EXERCISE INSTRUCTIONS:
Pictures aside, the output must consist of the lines from the one containing "Example 3: ∫tan²v" through the end of the data, reproduced exactly.

*** DATASET EXTRACT Section Begins ***

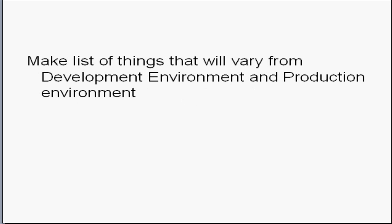Make list of things that will vary from development environment and production environment. Say for example, if you are keeping your database details in a config file, just make note of the config file path so that you can easily change them while moving into the production environment.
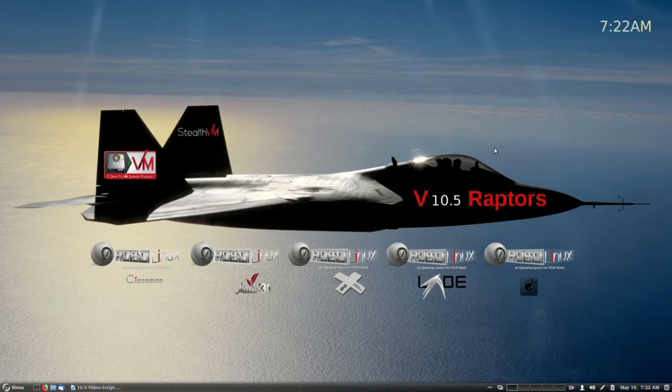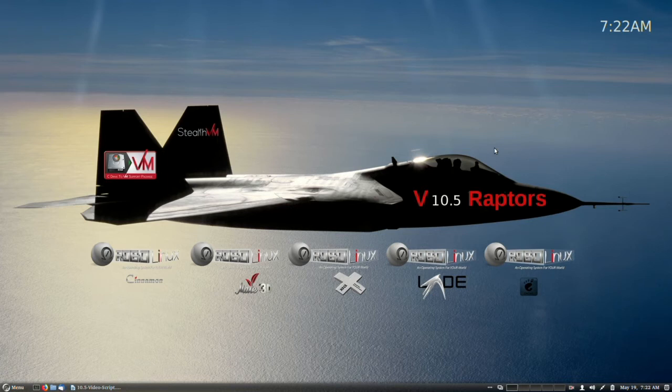As usual, StealthVM, C-Drive2VM, the app installers, and expert tech support is free. All current RoboLinux 10.4 users can upgrade to version 10.5 in just one click by using the built-in RoboLinux Auto Upgrade button from the main menu like this.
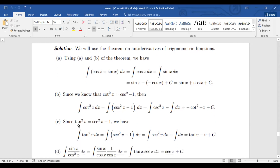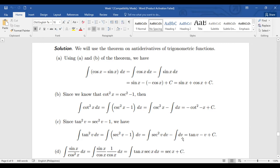Example 3: ∫tan²v dv. We know tan²v = sec²v − 1, so expand: ∫(sec²v − 1) dv. Separate: ∫sec²v dv − ∫1 dv. The antiderivative of sec²v is tan v, and ∫1 dv = v. Final answer: tan v − v + C.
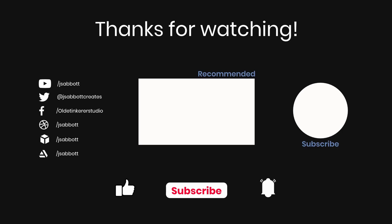If you have a request for a tutorial, a question, or a comment, feel free to leave a comment below the video. If you are interested in learning more, don't forget to like, subscribe, and turn on the notification bell. Thanks for watching!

*** DATASET EXTRACT Section Ends ***

RESULT OF THE TASK:
Example 3: ∫tan²v dv. We know tan²v = sec²v − 1, so expand: ∫(sec²v − 1) dv. Separate: ∫sec²v dv − ∫1 dv. The antiderivative of sec²v is tan v, and ∫1 dv = v. Final answer: tan v − v + C.
If you have a request for a tutorial, a question, or a comment, feel free to leave a comment below the video. If you are interested in learning more, don't forget to like, subscribe, and turn on the notification bell. Thanks for watching!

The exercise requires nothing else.